The data structure of Factorization Machines is different from that of SVD. IDs of users and items are treated as categorical (one-hot) columns. Features of attribute information(for example, age of users or price of items) and evaluation values (or labels) are also added as column features and answer label, as respectively. As a result, one evaluation sample is treated as one data point, as follows:

| sample | user 1 | user 2 | … | item 1 | item 2 | … | feature 1 | feature 2 | … | label |
| :---: | :---: | :---: | :---: | :---: | :---: | :---: | :---: | :---: | :---: | :---: |
| $x^{1}$ | 1 | 0 | … | 1 | 0 | … | 0.6 | 1.1 | … | $y^{1}$ |
| $x^{2}$ | 1 | 0 | … | 0 | 1 | … | 0.2 | 0.8 | … | $y^{2}$ |
| $x^{3}$ | 1 | 0 | … | 0 | 0 | … | 0.7 | 0.1 | … | $y^{3}$ |
| $x^{4}$ | 0 | 1 | … | 1 | 0 | … | 0.4 | 0.2 | … | $y^{4}$ |
| $x^{5}$ | 0 | 1 | … | 0 | 1 | … | 0.3 | 0.5 | … | $y^{5}$ |
| … | … | … | … | … | … | … | … | … | … | … |
| $x^{n}$ | 0 | 0 | … | 0 | 0 | … | 1.0 | 0.9 | … | $y^{n}$ |

- The most simple FM predicts $\hat{y}$ as following linear model:

$$
\begin{aligned} 
\hat{y^{(i)}} = \left\langle \boldsymbol{w},\boldsymbol{x^{(i)}}\right\rangle = w_0 + \sum_{j=1}^{D}w_{j}x^{(i)}_{j}\end{aligned}
$$

$$
\boldsymbol{w}\in\mathbb{R}^{D},
\boldsymbol{x}\in\mathbb{R}^{n \times D}
$$

$\boldsymbol{w}$ is a parameter vector to learn.

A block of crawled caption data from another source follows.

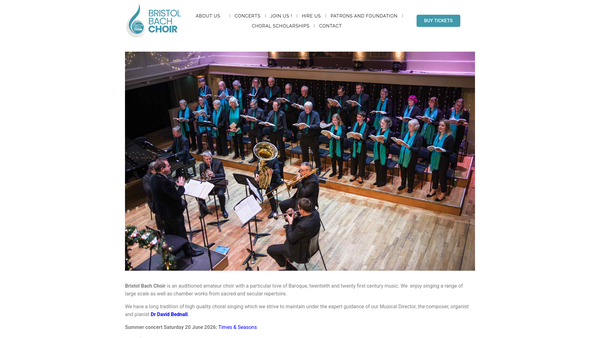 Screenshot of the Bristol Bach Choir website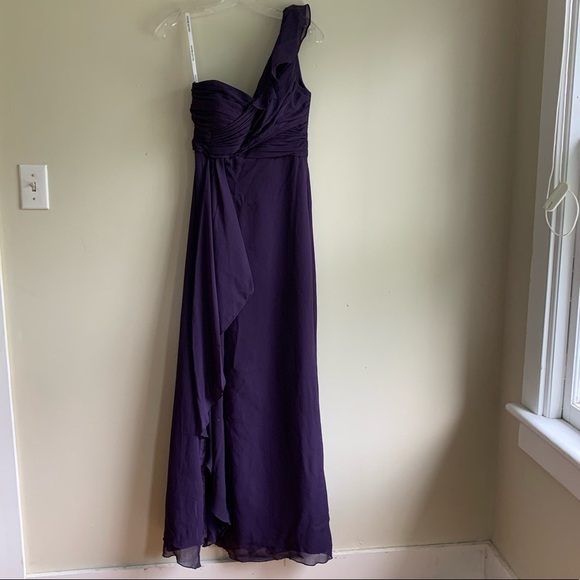 David’s Bridal purple one shoulder gown size 6 - Picture 2 of 10
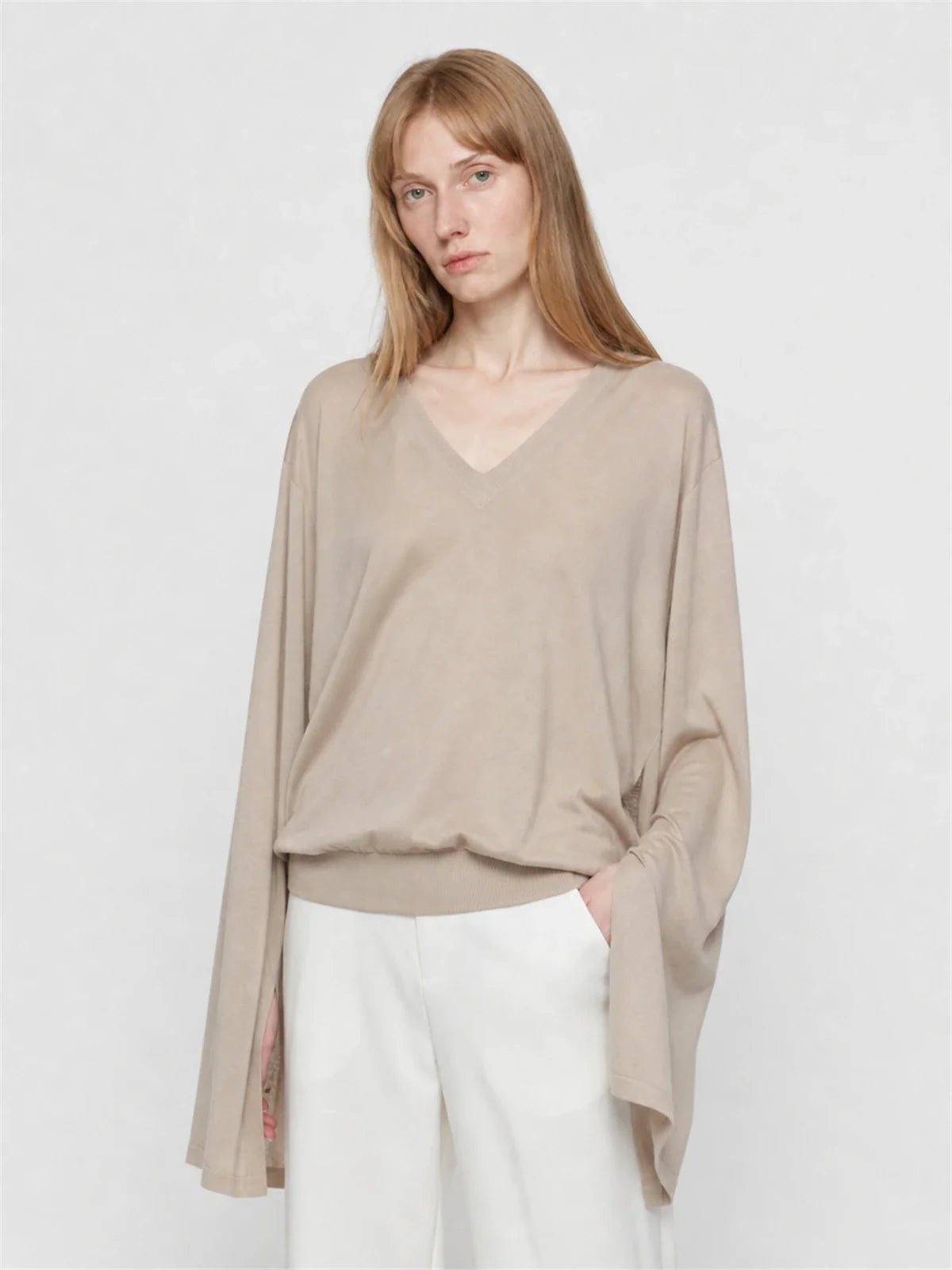 Machine washable Tencel wool V-neck elastic hem top light khaki on Maryna front view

- Assuming that you add the interaction term to the linear model. The simple solution is as follows:

$$
\begin{aligned} 
\hat{y^{(i)}} = \left\langle \boldsymbol{w},\boldsymbol{x^{(i)}}\right\rangle +\sum_{l,m}w_{l,m}x^{(i)}_{l}x^{(i)}_{m}\end{aligned} 
$$

However, this model contains $D \times D$ parameters, and sparsity of feedback makes it hard to learn the whole interaction parameters.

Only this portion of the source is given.